B.2.2 HLSGetCurrentTime

This function returns the current time in 100 ns units. The time is based on the value returned by the rdtsc instruction; this means that reading the time is cheap and precise, but it may not be accurately calibrated with respect to the times used by Windows 2000.

B.2.3 hls_malloc

Allocate a block of memory--the interface is the same as the C library function malloc.

B.2.4 hls_free

Release a block of memory--the interface is the same as the C library function free.

B.2.5 HLS_ASSERT

If expr is false, print the line number, file, and expression of the failing assert to the console. Also attempt to trap to the kernel debugger or, if the debugger is unavailable, halt the system.

B.2.6 HLSDbgPrint

This macro prints a debugging message to the console if HLS_DBG_PRINT_LEVEL is greater than or equal to the level parameter. The arguments (format, ...) are evaluated similarly to the arguments to the C library function printf.

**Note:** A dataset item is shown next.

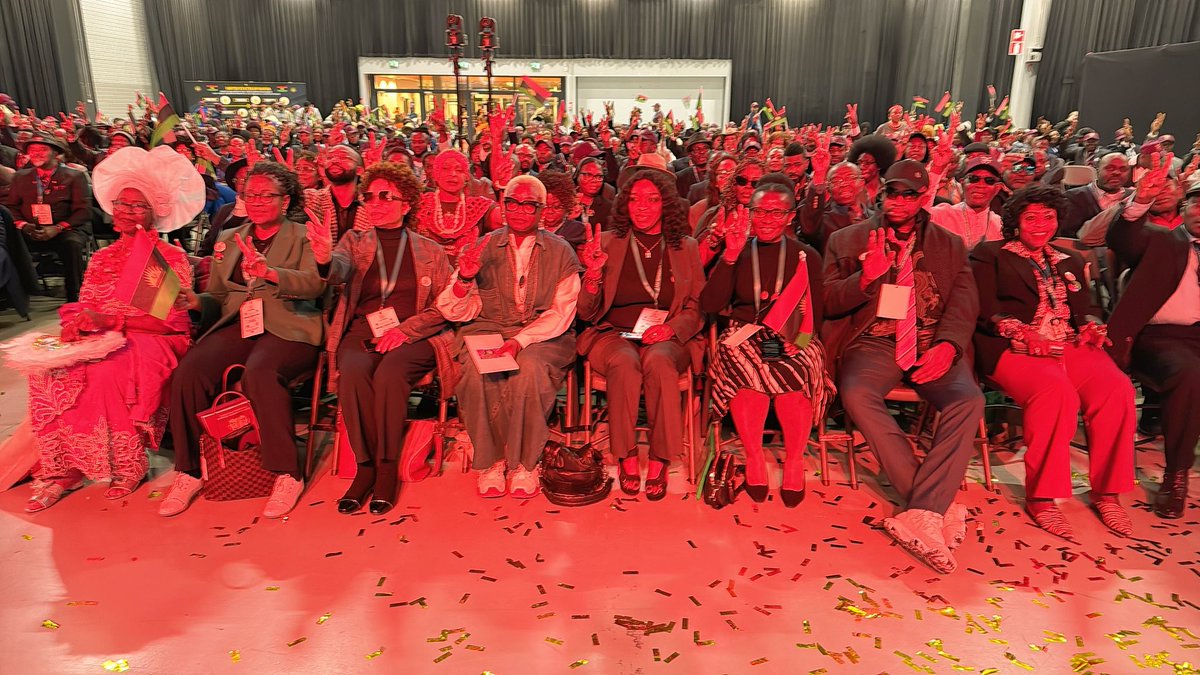 DrakeOfficial06's tweet photo. @Ofer_binshtok Thank you so much sir
Biafra redeclared it's independent on 29-11-24 Lahti @finland where thousands of Biafras traveled from Countries all over the world to redeclare their lost sovereign nation called United States of Biafra "USB" through their self referendum of over 50m votes. https://t.co/i5RJKRwkRD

B.3 Constants, Variables, and Types

B.3.1 WNT_TIME

This type is used by HLS to represent time values. It is an alias for the signed 64-bit integer.

B.3.2 HLS_STATUS

This enumerated type is used as a return value by many HLS functions. HLS_SUCCESS is the success value. Failure values include HLS_NOROOM and HLS_INVALID_PARAMETER.

B.3.3 HLS_MAX_PROCS

This integer constant indicates the most processors that a Windows 2000 system could contain. It will probably always be equal to 32.

B.3.4 HLS_MAX_NAMELEN

The maximum length, in bytes, of the name of a scheduler, scheduler type, or scheduler instance.

B.3.5 HLSNumProcs

This integer variable indicates the number of processors currently available in the system. It starts at 1 during boot and increases as more processors are brought online. Schedulers that load after boot time may treat it as a constant. Processors are always numbered 0..HLSNumProcs-1.

B.3.6 HLSCurrentProc

This integer variable is equal to the number of the processor on which scheduler code is currently executing.

B.3.7 NO_PROC

This is an integer constant that a scheduler can sometimes use when a processor number is required, indicating that no particular processor is preferred.

B.3.8 HLS_DBG_PRINT_LEVEL

This integer variable is used to control the amount of debugging information that appears on the console. A value of 0 causes HLS to be completely silent, while 9 is very verbose.

B.4 Functions for Loading and Unloading a Scheduler

The following two functions, unlike all other functions in this appendix, do not pertain to a particular scheduler instance. Rather, they are called by a scheduler device driver as it is being loaded into or unloaded from the Windows 2000 kernel. Schedulers that are built into the kernel should ignore these functions.

B.4.1 HLS_STATUS HLSRegisterScheduler (struct HLS_CALLBACKS *)

Every Windows 2000 device driver provides a DriverEntry callback that is called by the operating system after the driver has been loaded into the kernel address space. When a scheduler is loaded, its DriverEntry function should at some point call HLSRegisterScheduler to inform the HSI of its presence, passing the address of the scheduler’s callback table (described in Section B.1.3) as a parameter.

B.4.2 HLS_STATUS HLSUnregisterScheduler (struct HLS_CALLBACKS *)

Prior to unloading a device driver, Windows 2000 calls the driver’s DriverUnload function. When the driver being unloaded is an HLS scheduler, it should call HLSUnregisterScheduler to notify the HSI of its absence.